-------- Records supplied

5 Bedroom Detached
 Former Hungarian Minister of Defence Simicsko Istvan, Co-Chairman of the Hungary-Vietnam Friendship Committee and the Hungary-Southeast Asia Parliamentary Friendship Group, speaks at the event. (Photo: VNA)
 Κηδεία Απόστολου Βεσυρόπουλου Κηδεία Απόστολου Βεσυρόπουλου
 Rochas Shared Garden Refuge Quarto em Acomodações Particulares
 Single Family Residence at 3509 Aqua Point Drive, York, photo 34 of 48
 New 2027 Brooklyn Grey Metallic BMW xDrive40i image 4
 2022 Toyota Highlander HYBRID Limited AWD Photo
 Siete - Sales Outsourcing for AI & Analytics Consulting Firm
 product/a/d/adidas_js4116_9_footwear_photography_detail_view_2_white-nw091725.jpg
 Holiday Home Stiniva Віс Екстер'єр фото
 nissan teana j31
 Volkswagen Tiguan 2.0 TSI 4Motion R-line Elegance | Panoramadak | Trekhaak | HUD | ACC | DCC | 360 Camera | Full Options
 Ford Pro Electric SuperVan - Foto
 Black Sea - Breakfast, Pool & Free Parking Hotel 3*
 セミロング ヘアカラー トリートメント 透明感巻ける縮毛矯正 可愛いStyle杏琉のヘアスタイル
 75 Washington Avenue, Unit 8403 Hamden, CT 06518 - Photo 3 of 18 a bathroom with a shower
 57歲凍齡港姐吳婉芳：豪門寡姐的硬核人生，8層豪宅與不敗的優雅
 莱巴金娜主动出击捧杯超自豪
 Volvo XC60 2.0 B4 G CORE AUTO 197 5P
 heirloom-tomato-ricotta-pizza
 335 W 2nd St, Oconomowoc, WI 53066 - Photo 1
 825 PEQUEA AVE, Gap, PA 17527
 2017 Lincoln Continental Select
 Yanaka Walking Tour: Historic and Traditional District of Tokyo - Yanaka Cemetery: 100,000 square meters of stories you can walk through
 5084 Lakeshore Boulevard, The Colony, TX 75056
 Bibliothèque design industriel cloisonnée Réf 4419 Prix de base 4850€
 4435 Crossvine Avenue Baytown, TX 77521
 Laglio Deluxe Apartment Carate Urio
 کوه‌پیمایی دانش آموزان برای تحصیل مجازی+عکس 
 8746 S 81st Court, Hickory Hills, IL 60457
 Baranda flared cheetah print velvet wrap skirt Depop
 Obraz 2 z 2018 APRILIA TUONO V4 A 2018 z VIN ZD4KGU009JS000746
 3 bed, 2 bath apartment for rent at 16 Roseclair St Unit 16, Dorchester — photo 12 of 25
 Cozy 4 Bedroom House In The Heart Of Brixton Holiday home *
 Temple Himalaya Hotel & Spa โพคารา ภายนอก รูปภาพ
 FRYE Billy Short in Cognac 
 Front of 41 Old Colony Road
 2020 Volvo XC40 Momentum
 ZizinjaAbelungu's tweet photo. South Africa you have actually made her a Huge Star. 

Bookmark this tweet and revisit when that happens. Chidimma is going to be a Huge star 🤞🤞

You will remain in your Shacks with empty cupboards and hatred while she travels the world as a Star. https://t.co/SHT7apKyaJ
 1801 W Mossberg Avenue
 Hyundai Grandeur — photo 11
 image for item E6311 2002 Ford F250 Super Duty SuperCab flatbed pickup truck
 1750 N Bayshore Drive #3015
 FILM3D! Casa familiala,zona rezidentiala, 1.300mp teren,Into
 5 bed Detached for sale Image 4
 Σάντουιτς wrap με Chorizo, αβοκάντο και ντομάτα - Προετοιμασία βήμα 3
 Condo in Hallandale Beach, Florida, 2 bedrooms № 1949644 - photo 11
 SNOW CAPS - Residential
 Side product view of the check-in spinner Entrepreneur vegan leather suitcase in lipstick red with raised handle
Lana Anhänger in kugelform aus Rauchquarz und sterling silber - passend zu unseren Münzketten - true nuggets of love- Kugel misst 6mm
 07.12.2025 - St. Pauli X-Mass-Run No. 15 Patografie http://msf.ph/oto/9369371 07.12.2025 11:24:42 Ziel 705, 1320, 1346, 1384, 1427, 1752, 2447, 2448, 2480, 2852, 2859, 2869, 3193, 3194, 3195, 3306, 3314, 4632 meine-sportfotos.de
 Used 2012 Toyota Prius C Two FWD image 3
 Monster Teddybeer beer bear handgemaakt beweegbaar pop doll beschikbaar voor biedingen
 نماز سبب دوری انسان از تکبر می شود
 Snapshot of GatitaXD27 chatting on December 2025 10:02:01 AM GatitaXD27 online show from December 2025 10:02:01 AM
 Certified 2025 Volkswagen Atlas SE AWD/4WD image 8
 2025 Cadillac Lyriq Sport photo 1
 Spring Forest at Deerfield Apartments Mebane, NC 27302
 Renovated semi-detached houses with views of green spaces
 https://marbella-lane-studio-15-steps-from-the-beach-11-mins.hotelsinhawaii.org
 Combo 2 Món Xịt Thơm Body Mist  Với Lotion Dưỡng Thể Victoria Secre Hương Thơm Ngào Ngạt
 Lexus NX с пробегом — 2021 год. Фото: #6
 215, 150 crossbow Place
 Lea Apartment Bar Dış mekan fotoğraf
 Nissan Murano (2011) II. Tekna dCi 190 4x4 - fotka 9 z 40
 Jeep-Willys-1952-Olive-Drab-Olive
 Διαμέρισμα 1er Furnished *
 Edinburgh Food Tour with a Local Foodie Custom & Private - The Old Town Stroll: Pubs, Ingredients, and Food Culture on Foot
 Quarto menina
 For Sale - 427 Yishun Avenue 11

----------------

◆ **Exercise instructions**
Scan the lines above for "2017 Lincoln Continental Select" and for "5084 Lakeshore Boulevard, The". Repeat exactly the line holding each of them and every line in between.

◆ **Task solution**
 2017 Lincoln Continental Select
 Yanaka Walking Tour: Historic and Traditional District of Tokyo - Yanaka Cemetery: 100,000 square meters of stories you can walk through
 5084 Lakeshore Boulevard, The Colony, TX 75056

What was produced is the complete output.